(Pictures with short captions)
..............................

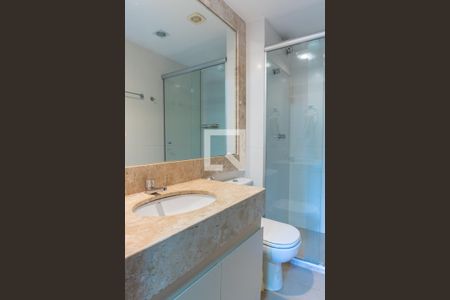 Banheiro do Studio de kitnet/studio para alugar com 1 quarto, 30m² em Asa Norte, Brasília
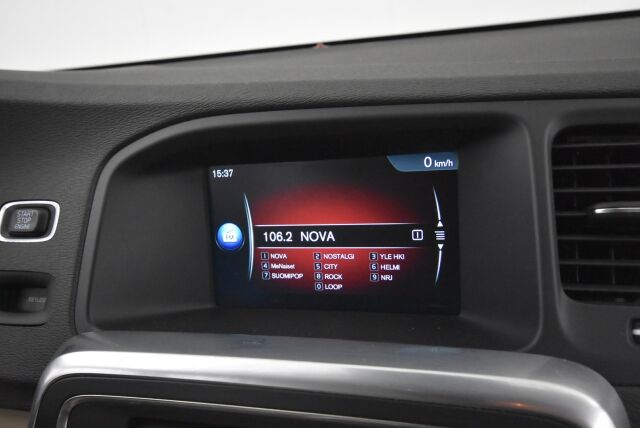 Volvo V60 2014 D4 AWD Business Edition Summum aut / Vetokoukku / Webasto / VOC / Kuljettajan istuin muistilla / Uusi tuulilasi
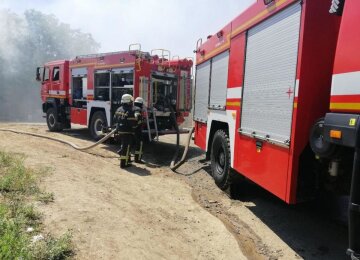 В Одесі спалахнула масштабна пожежа, з'їхалися рятувальники, фото: "протягом трьох годин ..."
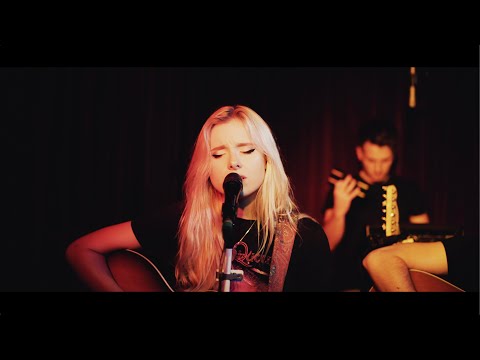 Chloe Adams - The Doctor Said (Live at the Green Note)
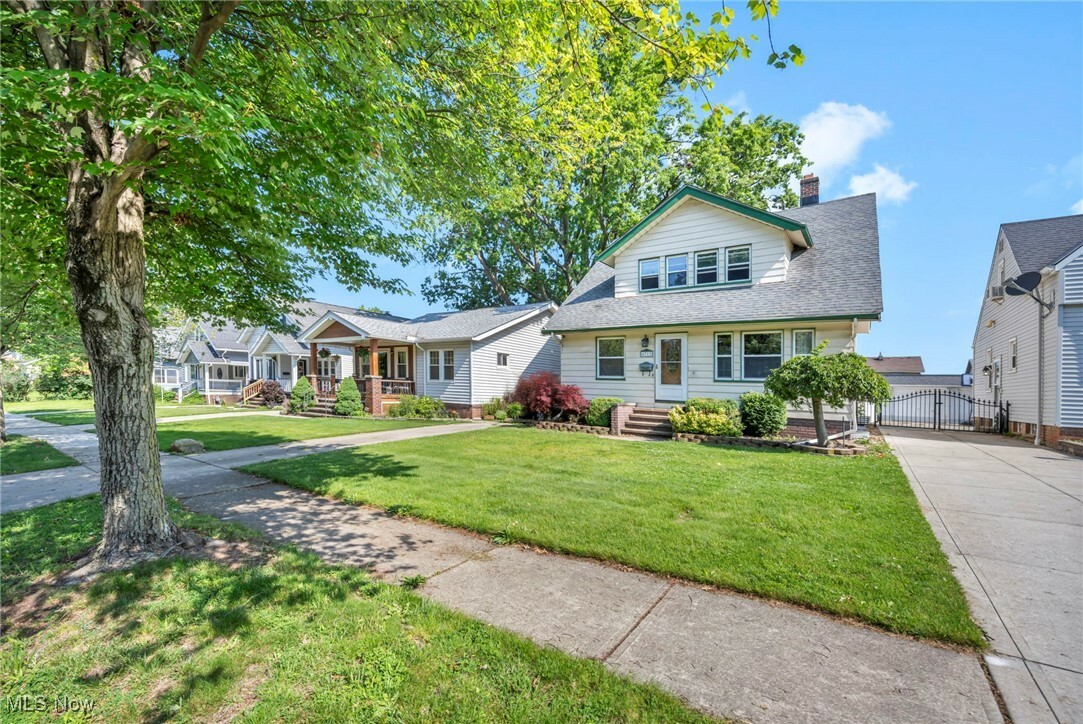 Property Photo: 4712 Wetzel Avenue OH 44109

..............................

What you return must match the records above exactly, minus any images.

- FINAL ANSWER
 Banheiro do Studio de kitnet/studio para alugar com 1 quarto, 30m² em Asa Norte, Brasília
 Volvo V60 2014 D4 AWD Business Edition Summum aut / Vetokoukku / Webasto / VOC / Kuljettajan istuin muistilla / Uusi tuulilasi
 В Одесі спалахнула масштабна пожежа, з'їхалися рятувальники, фото: "протягом трьох годин ..."
 Chloe Adams - The Doctor Said (Live at the Green Note)
 Property Photo: 4712 Wetzel Avenue OH 44109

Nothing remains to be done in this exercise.